*Working data*

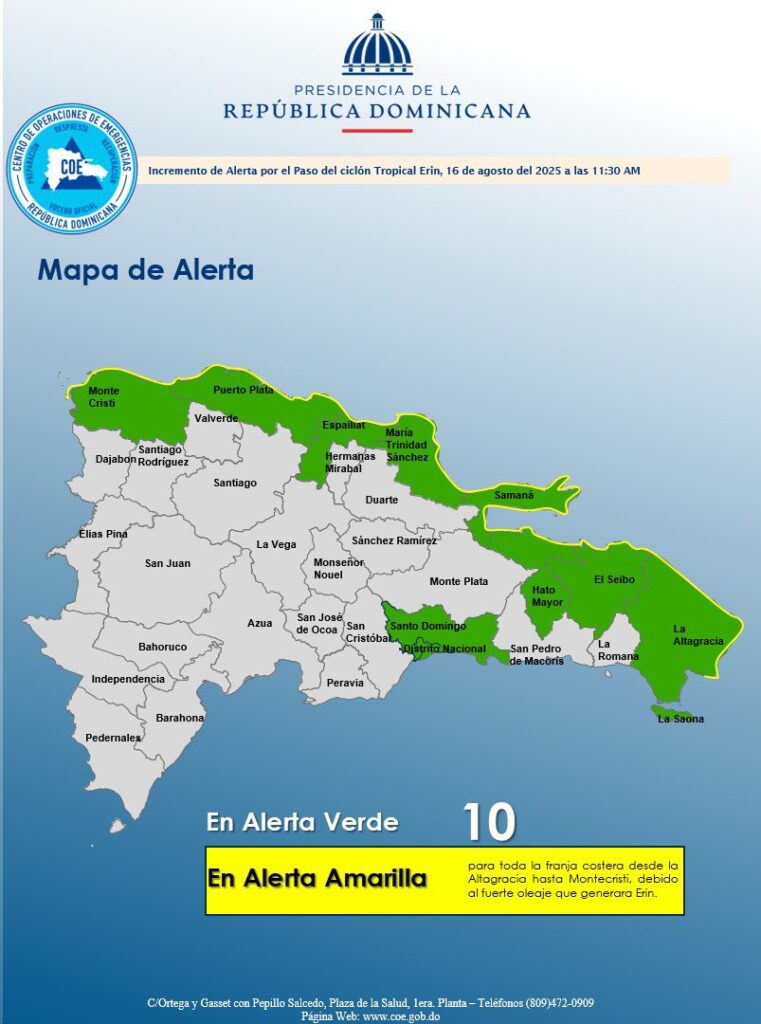 COE: Alerta amarilla para franja costera y 10 provincias en verde por huracán Erin | 2 | COE: Alerta amarilla para franja costera y 10 provincias en verde por huracán Erin - Noticias de hoy en República Dominicana | De Último Minuto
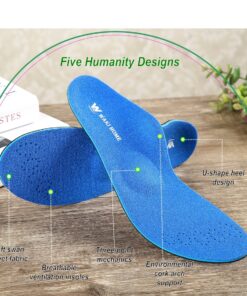 WAKI HOME Orthotics Insoles/Inserts/Pads with Arch Supports for Flat Feet,Plantar Fasciitis,Feet Pain,Pronation,Metatarsal Support for Men and Women Blue US Men 6-6 1/2---Women 8-8 1/2 (9.84")(250MM) 10 81QFSLpiZbL 2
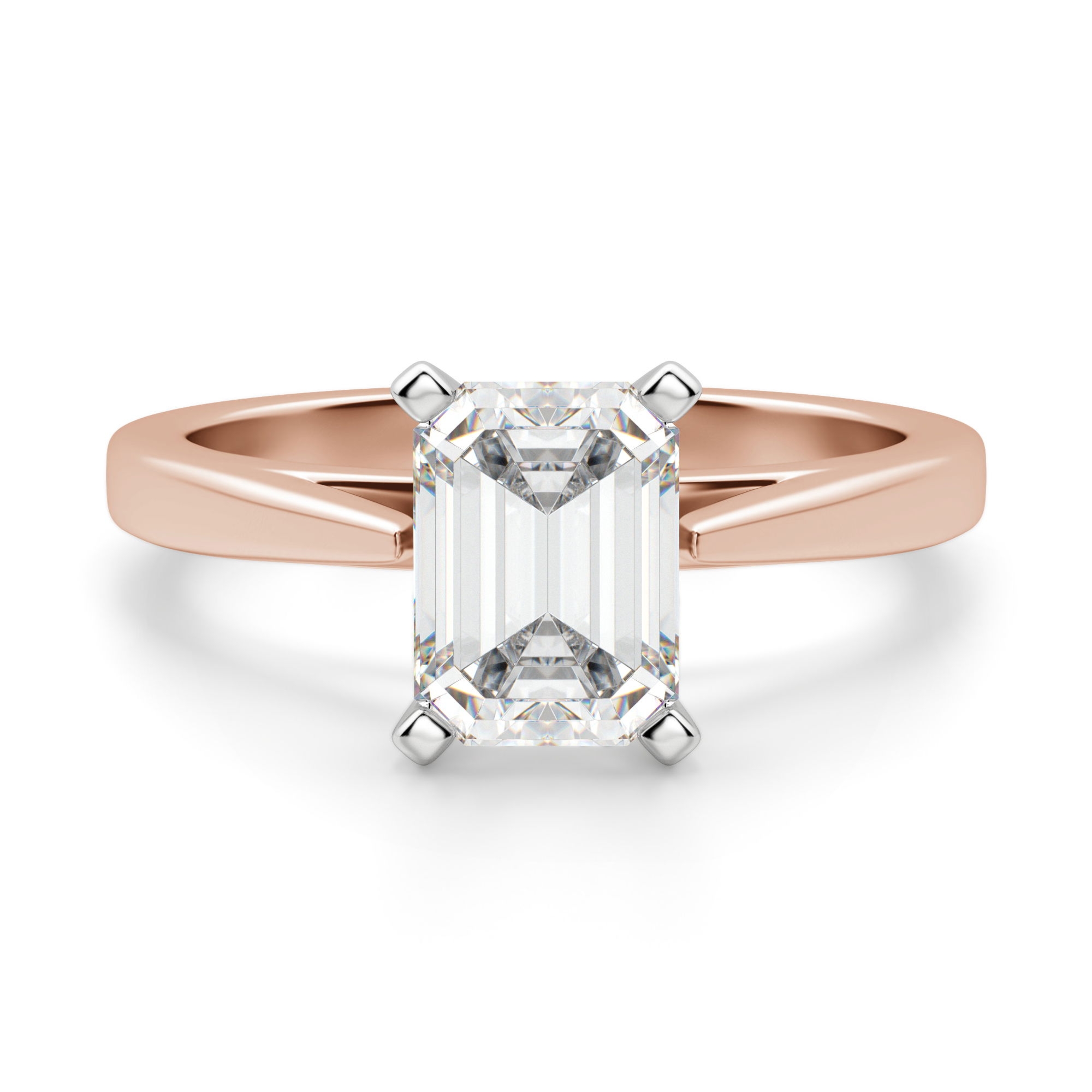 Cathedral Szmaragdowy 1.25 krt Pierścionek Zaręczynowy Diament Laboratoryjny 585 Różowe Złoto (14K)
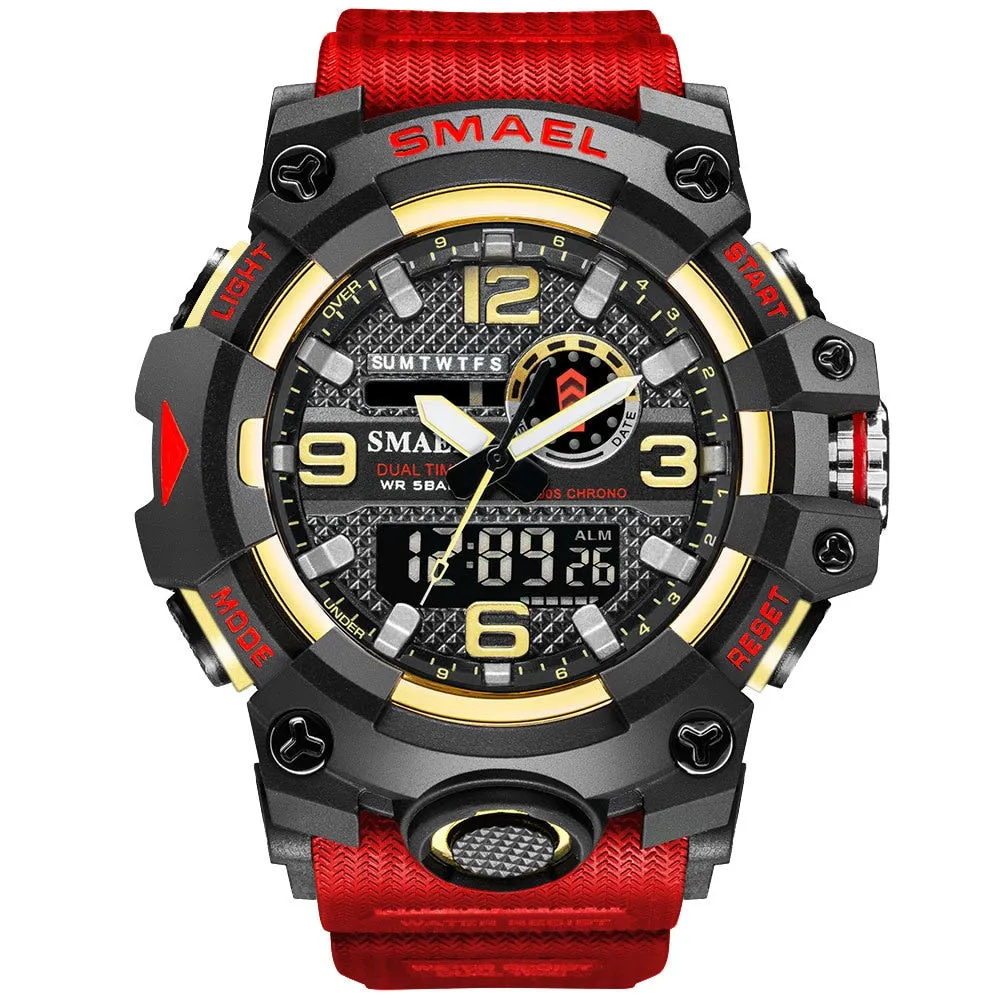 SMAEL Digital Men Military Watches Dual Time Waterproof Luxury Top Brand Watch Men&#39;s Sports LED Quartz Analog Wristwatches Male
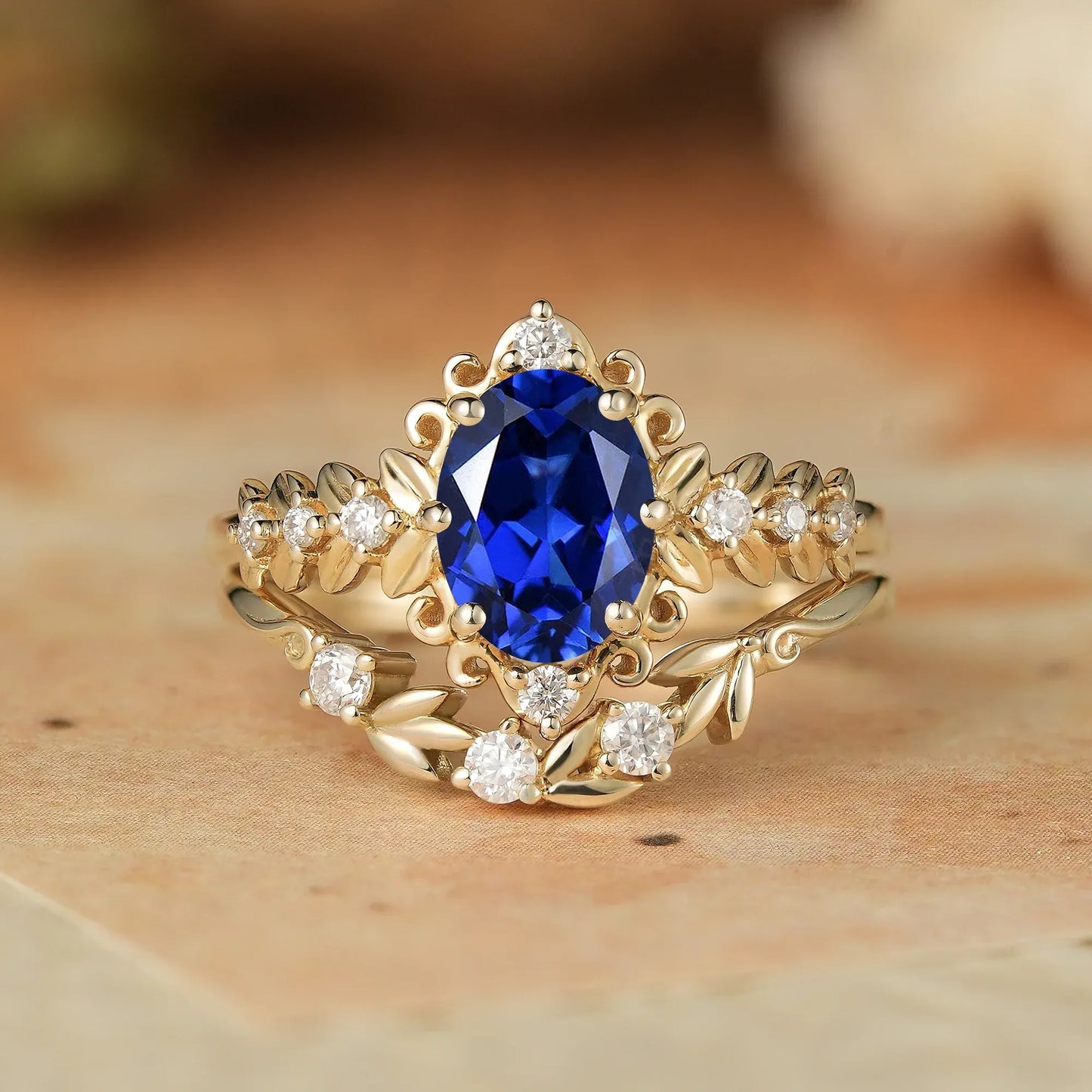 Oval Sapphire Leaf Ring Set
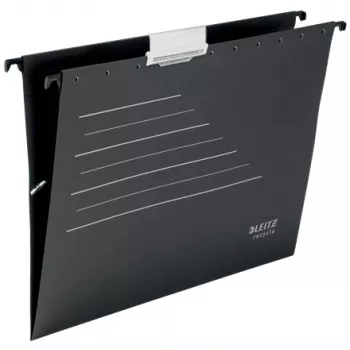 Leitz Alpha® carpeta colgante de cartón Recycle, A4, negro, cartón, 80 g/m², 150 hojas, 348 mm
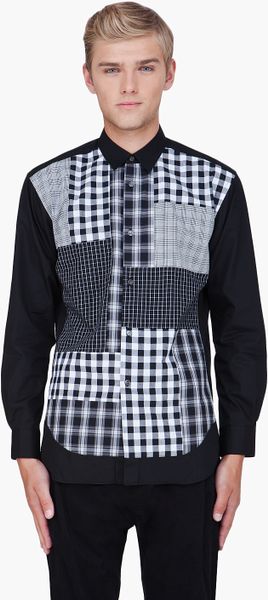 Comme Des Garçons Black Checkered Front Shirt in Black for Men - Lyst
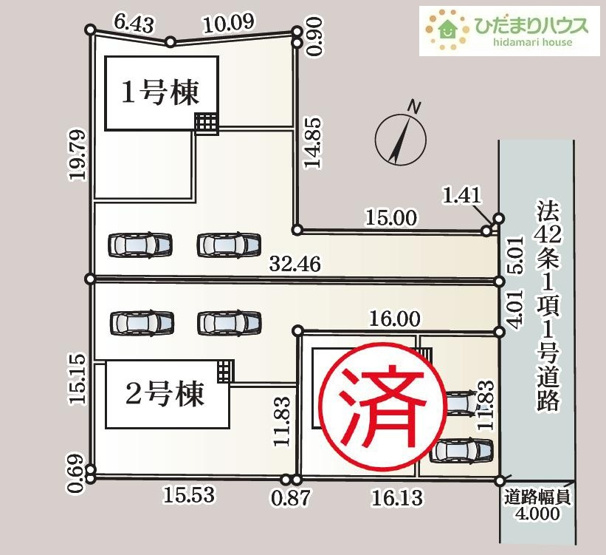 【区画図】 | 結城市結城第46　新築戸建　2号棟 | ご家族でお車に乗る方に！駐車場2台分あります！
（2号棟）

*Exercise instructions*
Exact copy, pictures excluded: repeat the lines from the top of the material through the line with "Leitz Alpha® carpeta".

*Written answer*
 COE: Alerta amarilla para franja costera y 10 provincias en verde por huracán Erin | 2 | COE: Alerta amarilla para franja costera y 10 provincias en verde por huracán Erin - Noticias de hoy en República Dominicana | De Último Minuto
 WAKI HOME Orthotics Insoles/Inserts/Pads with Arch Supports for Flat Feet,Plantar Fasciitis,Feet Pain,Pronation,Metatarsal Support for Men and Women Blue US Men 6-6 1/2---Women 8-8 1/2 (9.84")(250MM) 10 81QFSLpiZbL 2
 Cathedral Szmaragdowy 1.25 krt Pierścionek Zaręczynowy Diament Laboratoryjny 585 Różowe Złoto (14K)
 SMAEL Digital Men Military Watches Dual Time Waterproof Luxury Top Brand Watch Men&#39;s Sports LED Quartz Analog Wristwatches Male
 Oval Sapphire Leaf Ring Set
 Leitz Alpha® carpeta colgante de cartón Recycle, A4, negro, cartón, 80 g/m², 150 hojas, 348 mm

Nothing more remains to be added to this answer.